The week in higher education – 11 June 2015

The good, the bad and the offbeat: the academy through the lens of the national press

六月 11, 2015
The week in higher education cartoon (11 June 2015)

Palaeontologist Caleb M. Brown’s paper on a newly discovered dinosaur also included another important message: a proposal of marriage, The Independent reported on 5 June. Unveiling a Triceratops-like animal known as Regaliceratops peterhewsi in the journal Current Biology, the Canadian academic used a line in the acknowledgements section at the article’s end to “highlight the ongoing and unwavering support of Lorna O’Brien”, his girlfriend. “Lorna, will you marry me?” he added. Happily, Dr O’Brien – who, like Dr Brown, works at the Royal Tyrrell Museum of Palaeontology in Drumheller, Alberta – said “yes”. “We wish the very best for the couple,” said Joseph Caputo, spokesman for the journal’s publisher, who confirmed that it was the first time it had ever had a marriage proposal in its pages.


Who could possibly object to someone giving $400 million (£261 million) to a university? Well, it seems New Yorker writer Malcolm Gladwell is pretty angry about hedge fund billionaire John Paulson’s record gift to Harvard University, the US website Vox reported on 3 June. The author of The Tipping Point took to his rarely used Twitter account to ridicule Mr Paulson, whom he accused of “giving the world’s richest university $400 mil it doesn’t need” instead of helping the world’s poor. “Wise choice John!”, he added. “Next up for John Paulson: volunteering at the Hermes store on Madison avenue. Let’s make this a truly world class retail outlet!”, he joked. “If billionaires don’t step up, Harvard will soon be down to its last $30 billion,” he added, suggesting that Mr Paulson, who made billions from the 2007 subprime mortgage crash, had found “a way to give back without actually giving anything back”.


Chimpanzees prefer eating cooked food and are willing to wait for meals to be heated, researchers at Yale University have found. In a series of experiments at an African animal sanctuary, it was shown that man’s closest relatives understand the concept of cooking and have all the mental skills to do so – except the ability to control fire, the Daily Mail reported on 3 June. Presented with a pretend “oven” – a plastic tub in which animals could place raw treats, which researchers secretly swapped for cooked ones – about half the chimps opted to wait longer for their “cooked” food, the paper says. The results suggest that many of the mental skills needed to cook emerged early in human evolution before man split from chimps, the researchers say.


Lisa Jardine’s appearance on Desert Island Discs on 7 June seems to have polarised opinion among Radio 4 listeners.
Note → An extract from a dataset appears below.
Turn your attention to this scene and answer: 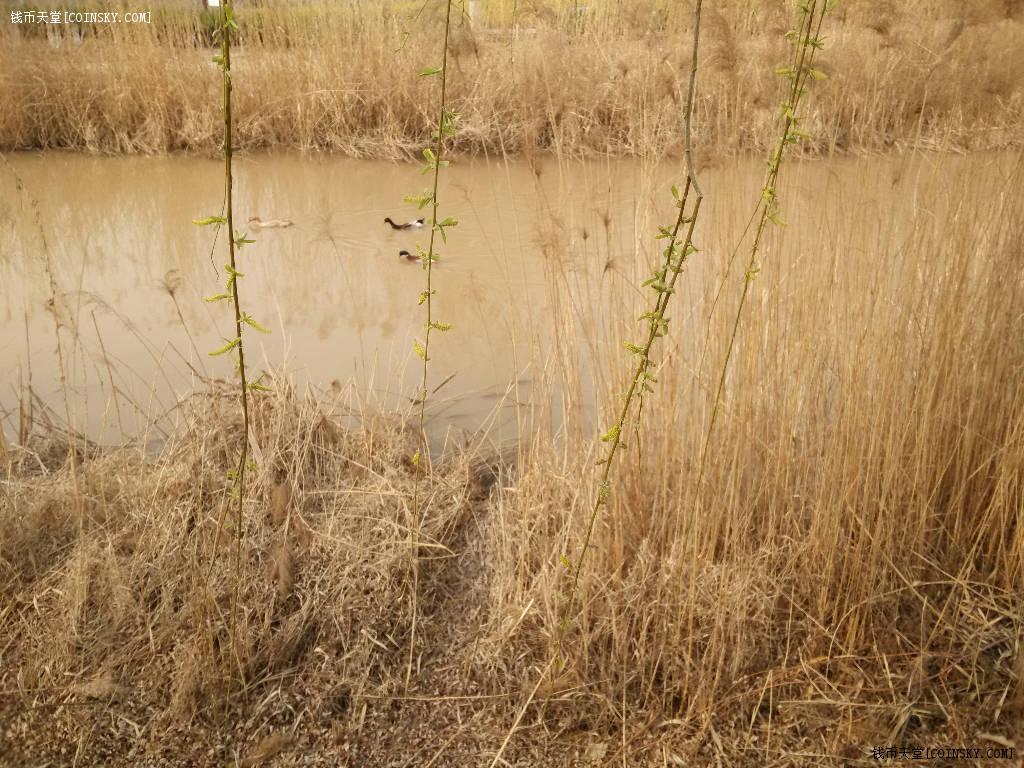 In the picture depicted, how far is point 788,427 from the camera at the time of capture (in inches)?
63.2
The historian, who is professor of Renaissance studies at University College London, was certainly not shy in telling host Kirsty Young of her many talents, which include not just being “very, very cerebral, but with a deep emotional core”, but mastering seven foreign languages, playing virtuoso classical guitar and being a “prolific” and accomplished knitter of cable-knit jumpers. “Can’t take any more of the self-congratulatory @ProfLisaJardine – she has every super power going…except humility,” said one academic on Twitter; another user said Professor Jardine was “so pleased with herself, she may well explode before the end”. But others commended Professor Jardine for “oozing confidence” and dismissed those bemoaning her “ego” as “haters of confident women”. Professor Jardine’s book selection showed she was in no mood to hide her intellectualism: she chose the full 12 volumes of P. S. Allen’s Latin Letters of Erasmus of Rotterdam – in the original Latin – to keep her occupied.
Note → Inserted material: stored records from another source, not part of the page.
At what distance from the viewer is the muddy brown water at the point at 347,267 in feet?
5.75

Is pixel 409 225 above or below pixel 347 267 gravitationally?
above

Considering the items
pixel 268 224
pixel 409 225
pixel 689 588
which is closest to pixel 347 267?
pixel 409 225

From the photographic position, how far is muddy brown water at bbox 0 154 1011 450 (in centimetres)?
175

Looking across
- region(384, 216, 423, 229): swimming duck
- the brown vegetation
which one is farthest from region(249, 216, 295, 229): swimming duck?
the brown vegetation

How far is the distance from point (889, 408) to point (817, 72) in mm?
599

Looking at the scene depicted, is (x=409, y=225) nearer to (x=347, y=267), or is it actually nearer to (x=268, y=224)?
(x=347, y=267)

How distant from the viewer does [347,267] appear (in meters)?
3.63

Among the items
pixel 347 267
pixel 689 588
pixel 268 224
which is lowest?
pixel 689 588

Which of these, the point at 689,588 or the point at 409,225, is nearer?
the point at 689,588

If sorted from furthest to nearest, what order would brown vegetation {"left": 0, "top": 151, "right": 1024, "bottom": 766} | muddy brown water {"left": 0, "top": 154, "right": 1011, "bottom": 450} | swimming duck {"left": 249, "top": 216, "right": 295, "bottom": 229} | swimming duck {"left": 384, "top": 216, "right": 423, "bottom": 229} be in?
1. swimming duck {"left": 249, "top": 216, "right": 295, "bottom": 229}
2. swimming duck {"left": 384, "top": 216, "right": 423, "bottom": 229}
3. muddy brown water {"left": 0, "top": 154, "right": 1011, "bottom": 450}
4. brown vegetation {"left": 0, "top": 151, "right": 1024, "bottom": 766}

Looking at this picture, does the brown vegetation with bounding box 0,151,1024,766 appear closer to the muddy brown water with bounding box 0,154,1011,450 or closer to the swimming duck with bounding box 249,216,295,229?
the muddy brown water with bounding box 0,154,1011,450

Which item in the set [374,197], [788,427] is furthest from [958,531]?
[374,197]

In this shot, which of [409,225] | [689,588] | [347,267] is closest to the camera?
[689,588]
A 13-year-old schoolboy from Essex who enrolled on an astrophysics course at the Massachusetts Institute of Technology has earned one of its highest scores, The Sunday Times reported on 7 June. Connall Cairns, from Colchester, gained 81 per cent in the maths-based massive open online course, which covers rocket science, orbital mechanics and microgravity, the paper says. But Cairns, who has now enrolled on a stellar physics course at the Australian National University, is set to quit astronomy for his favourite subject – nuclear physics, he says. “I’ve been fascinated by atoms and how they work since I was seven.”